- Interactive map of Roselawn Avenue Cemetery

Details
- Established: 1906
- Location: 619 Roselawn Avenue Toronto, Ontario, Canada
- Type: Jewish cemetery
- Owned by: Roselawn-Lambton Cemetery Association
- No. of graves: 10,000
- Find a Grave: Roselawn Avenue Cemetery

= Roselawn Avenue Cemetery =

Cemetery in Toronto, Ontario, Canada

Roselawn Avenue Cemetery is a Jewish cemetery located in Forest Hill, Toronto.

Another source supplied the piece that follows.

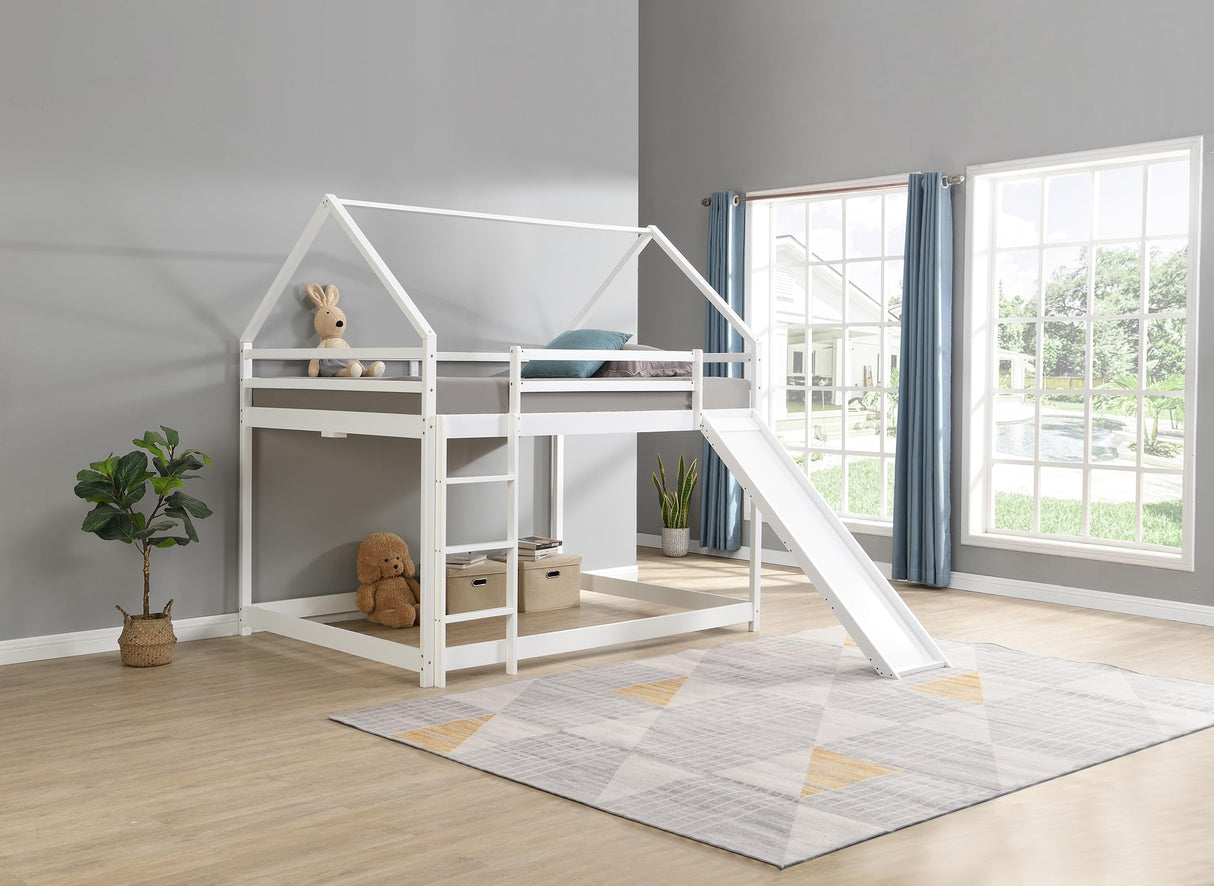 Full Size Loft Bed with Slide, Space Saving House Bunk Beds for Kids Bedroom Furniture, Pine Wood Bed Frame with 12.4" High Safety Guardrail & Ladder, No Box Spring Needed, Teens, Girls, Boys, White Obuvar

Opened in 1906, Roselawn is one of several Jewish cemeteries in Toronto, and was established to serve the Jewish community outside of what was then the city limits. It was created on land purchased and donated to the Chesed Shel Emes (Hebrew Free Burial Society) by Samuel Weber, a member of the Goel Tzedec Synagogue, after a Jewish man who was killed in an accident on the outskirts of Toronto and was buried in a non-Jewish cemetery as no Jewish cemetery was available. The man was later reinterred in the new Roselawn Cemetery soon after its establishment.

The Chesed Shel Emes subdivided the land and sold parcels to 23 individual congregations, fraternal organizations, and mutual aid societies who own and operate the sections as their own cemeteries within Roselawn Cemetery.

As a number of the sections were owned by synagogues or societies that have since become defunct and as the cemetery as a whole has been largely forgotten as new burials are infrequent, parts of the cemetery were found to be overgrown by vegetation and in disrepair.

Jewish Cemeteries Management Inc. (JCMI), a non-profit, was established in 1999 to assume control over older Jewish cemeteries in Ontario whose owners are no longer active or able to maintain their graveyards. The organization has taken ownership of sections of Roselawn, Bathurst Lawn Memorial Park and Mount Sinai Memorial Park and refurbished them. Another section of Roselawn Cemetery which had fallen into disrepair was owned by the now-defunct United Jewish Welfare Fund. It has been refurbished and is now maintained by the UJA Federation of Toronto which is the successor organisation of the Welfare Fund.

The cemetery runs along Roselawn Avenue, and is surrounded by homes that were built around it.

Today, the cemetery is administered by the Roselawn Lambton Cemetery Association which owns 9 of the cemetery's 23 sections and also manages the Lambton Hills and McCowan Road cemeteries.

==Notable burials==
- Morley Safer (1931–2016), Toronto-born journalist with CBC News and CBS News and co-host of 60 Minutes.